Desde o 25 de Abril que Portugal é vítima de uma autofagia política deliberada. A falta de vontade política para com o setor da cultura e educação são apenas mais dois sintomas do cinismo neoliberal. Estes últimos são setores fundamentais para qualquer democracia saudável. Só com a prática de uma cidadania informada e ativa nos conseguimos munir das armas de que precisamos para nos defendermos da retórica liberal e de extrema-direita.

E estejamos cientes de que o crescimento económico não é salvação nenhuma se a distribuição dessa riqueza for desproporcional, como tem sido. Lembremo-nos do crescimento durante os anos 60, durante o Estado Novo, em que era raro o reinvestimento de capital na esfera pública. Aliás, os salários baixos eram de certa forma estratégicos de forma a atrair investimento estrangeiro, nomeadamente estadunidense. Esta estratégia fomentou a desigualdade salarial e acelerou a imigração em massa, sobretudo para França. “Nos anos 70, Portugal continua a ser o país mais pobre da Europa Ocidental. A imigração atinge níveis muito elevados, superiores a 100 mil partidas anuais”, diz-nos Yves Léonard, historiador francês especialista na História de Portugal.
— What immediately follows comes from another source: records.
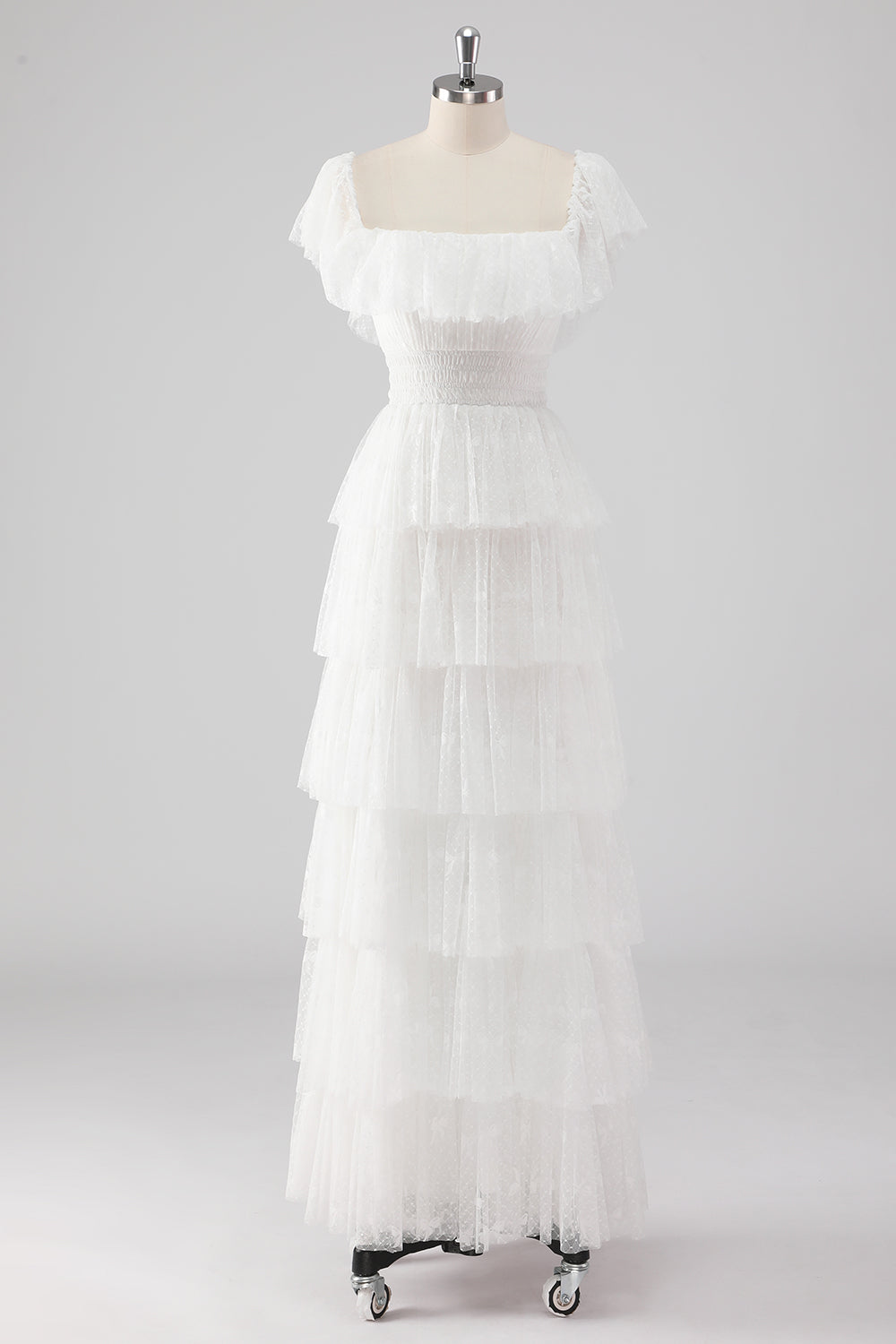 A Linie Schwarzes Gestuftes Ballkleid mit quadratischem Ausschnitt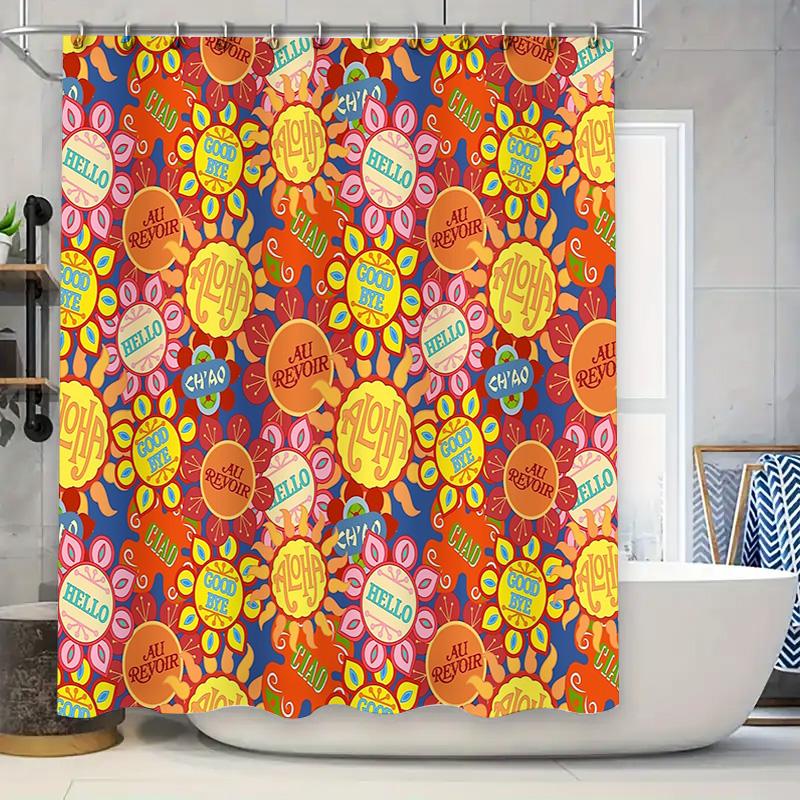 

Bathroom Shower Curtain Vintage Floral Pattern Waterproof Fabric Decor Home Hotel Spa Liner W60H190(CM)-1 Pcs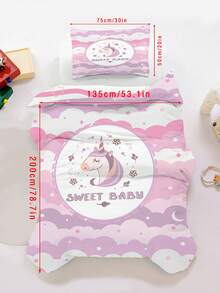 2/3件套可爱小马印花被套套装 - 粉色云朵独角兽图案床上用品套装，双面柔软印花被套，适合儿童、青少年、男孩和女孩，四季皆宜，带拉链和按扣，可选单人/双人/大号尺寸 - 彩色 - 查看 18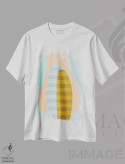 تیشرت سفید طرح دار "سایه نما"، آبستره اثر فلت اول | immage.ir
Curiosamente, entre 1965 e 1973, época de enorme afluência turística no país, cerca de um milhão em 65 e quatro milhões em 73, a inflação bate recordes em Portugal devido ao turismo e à intensificação da emigração, chegando aos 20% em 1973. Notem-se os padrões com o presente. Este tipo de crescimento económico não significa uma distribuição igualitária da riqueza, é antes sinónimo de uma forte concentração de riqueza tendo como base uma precariedade crónica.

Mas existem soluções. Há que começar a fortalecer o Estado Social, a cultura, a ciência, o conhecimento, o espírito de cidadania, o pensamento crítico, e repensar as leis laborais, a forma como trabalhamos e para quem realmente trabalhamos. Tudo isto só é possível com a rejeição das políticas neoliberais e a implementação de um socialismo real, não um baseado em frases feitas como o PS tem feito ao longo dos anos. É urgente uma convergência à esquerda para que se possa recuperar a dignidade do povo e do país.